*** Block opens ***
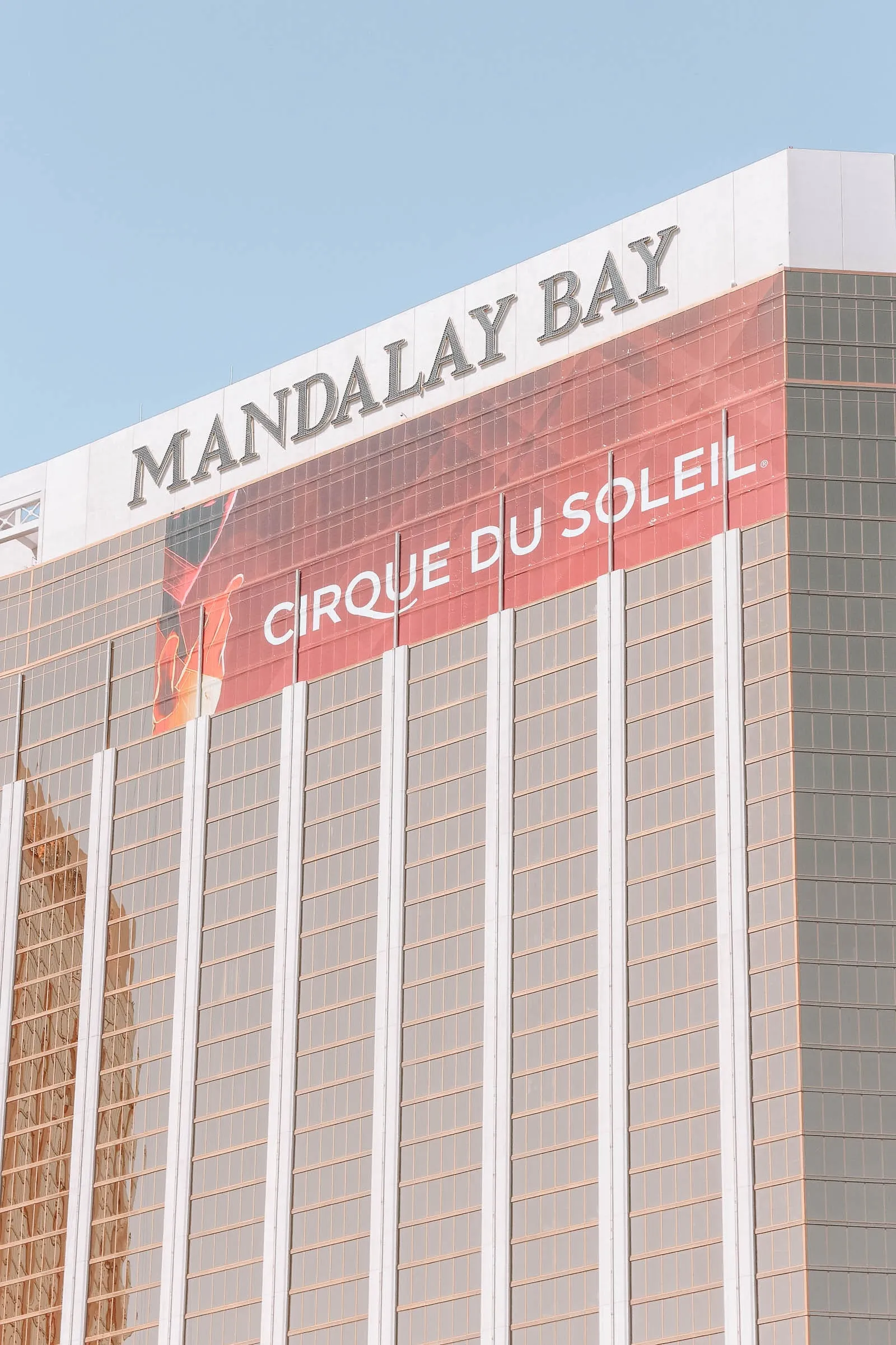 Grand Canyon Tours Las Vegas NV - Your Essential Travel Guide A vibrant live performance stage, showcasing the spectacular shows in Las Vegas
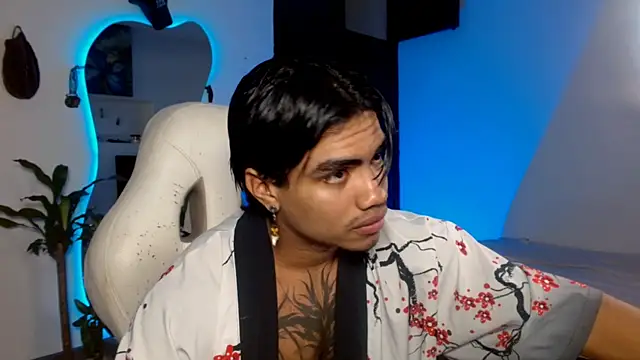 Young laroi online show from December 7, 12:09 am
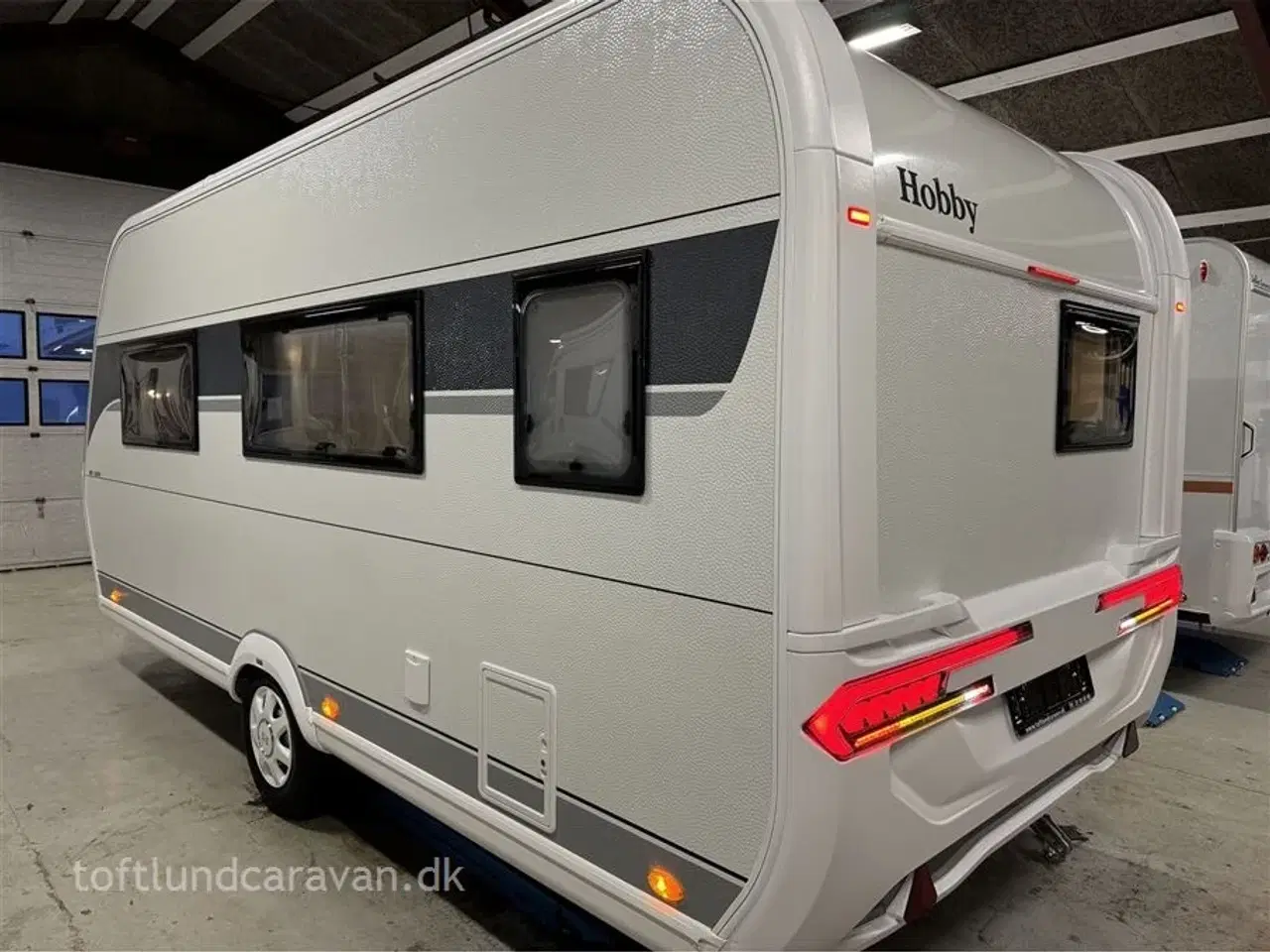 Billede 14 - 2024 - Hobby De Luxe 460 SFf   Sønderjyllands aut. HOBBY forhandler. Midter-placeret dobbeltseng! NU PÅ LAGER TIL OMGÅENDE LEVERING !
*** Block closes ***
### Task details
Copy the material exactly. Do not include the pictures.

### Written answer
 Grand Canyon Tours Las Vegas NV - Your Essential Travel Guide A vibrant live performance stage, showcasing the spectacular shows in Las Vegas
 Young laroi online show from December 7, 12:09 am
 Billede 14 - 2024 - Hobby De Luxe 460 SFf   Sønderjyllands aut. HOBBY forhandler. Midter-placeret dobbeltseng! NU PÅ LAGER TIL OMGÅENDE LEVERING !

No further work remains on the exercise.